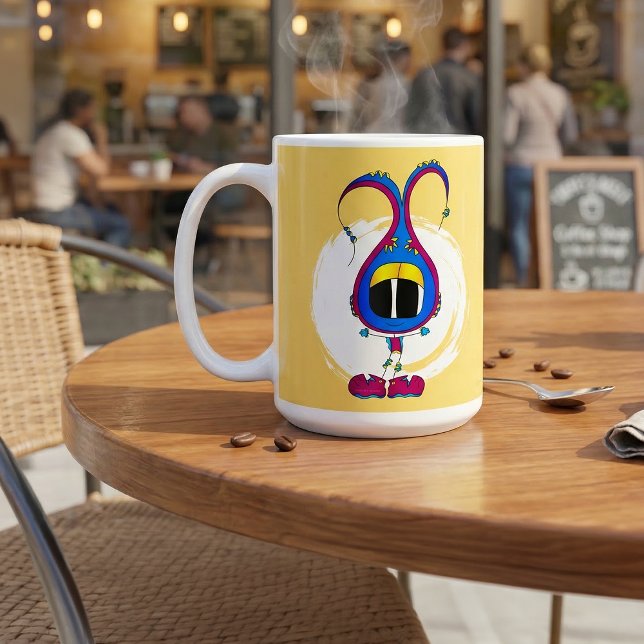 Mug Funny, Colorful, Quirky, Cartoon Character (Hey! Take a look at this very cool cartoon character mug!)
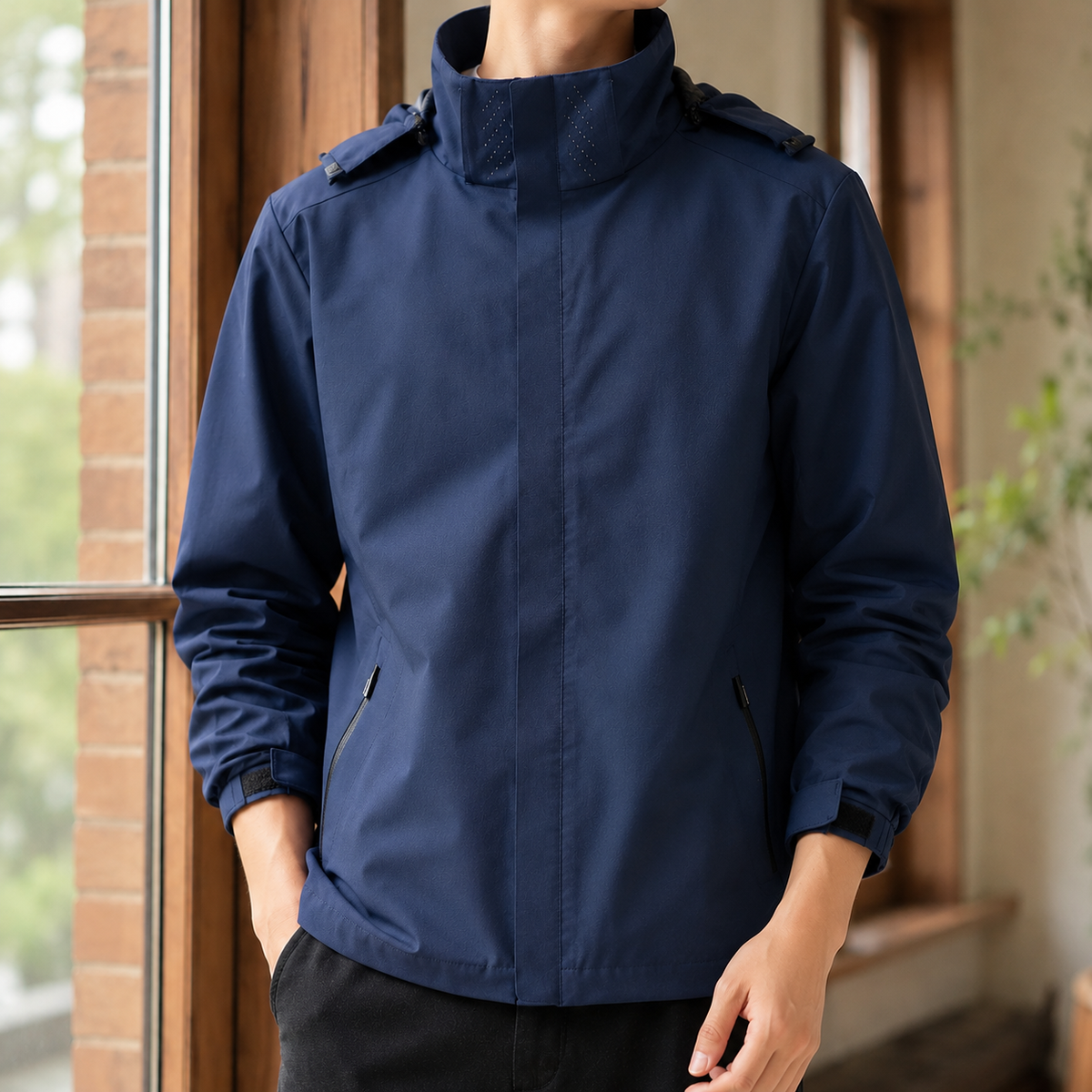 Hooded Woven Jacket With High Collar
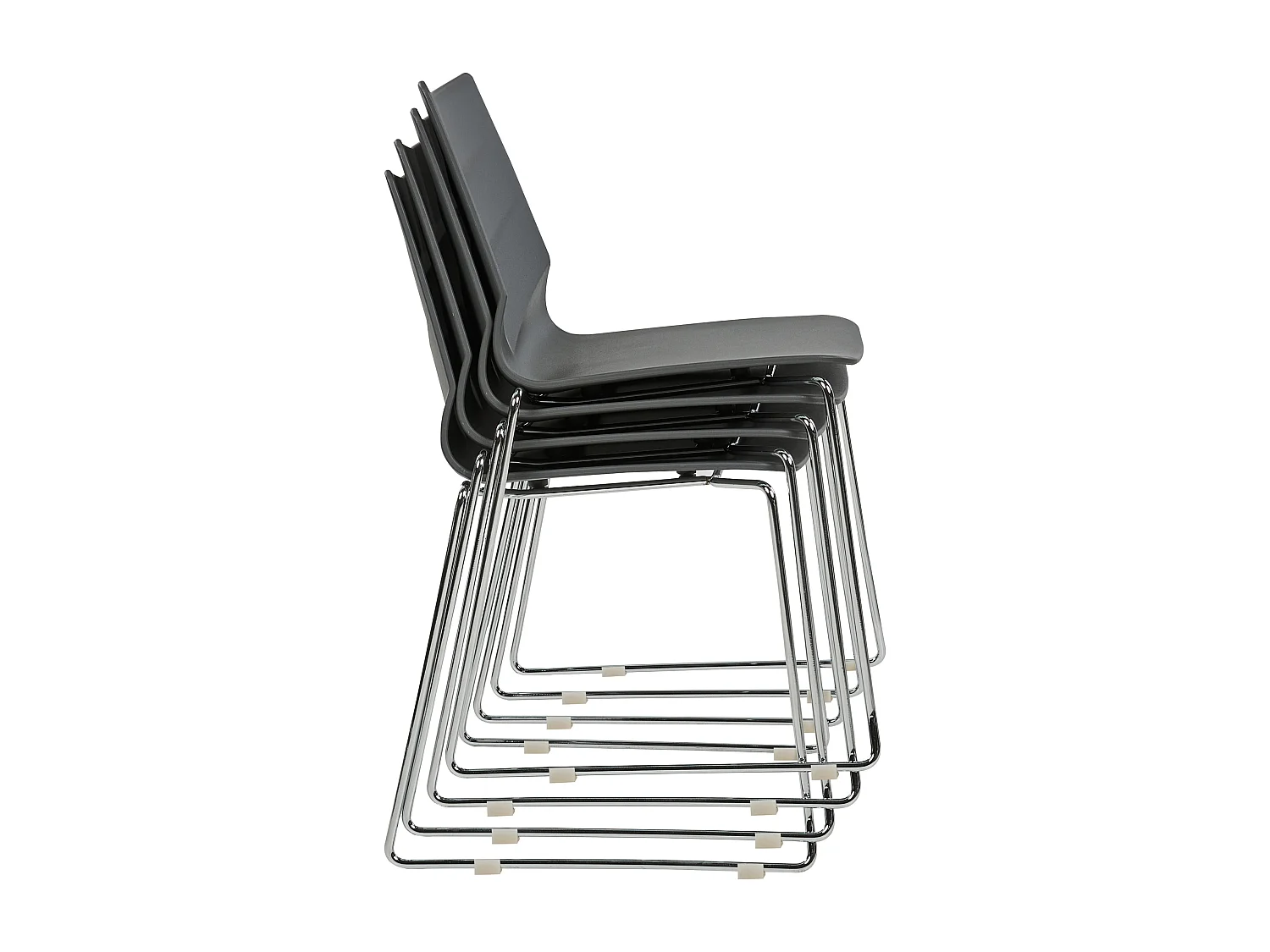 Conjunto de 4 cadeiras de jantar HARTLEY Cinzento escuro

..............................

The required answer is an exact copy of the lines from the one containing "Hooded Woven Jacket With High Collar" through the last line of the material, with the pictures removed.

 Hooded Woven Jacket With High Collar
 Conjunto de 4 cadeiras de jantar HARTLEY Cinzento escuro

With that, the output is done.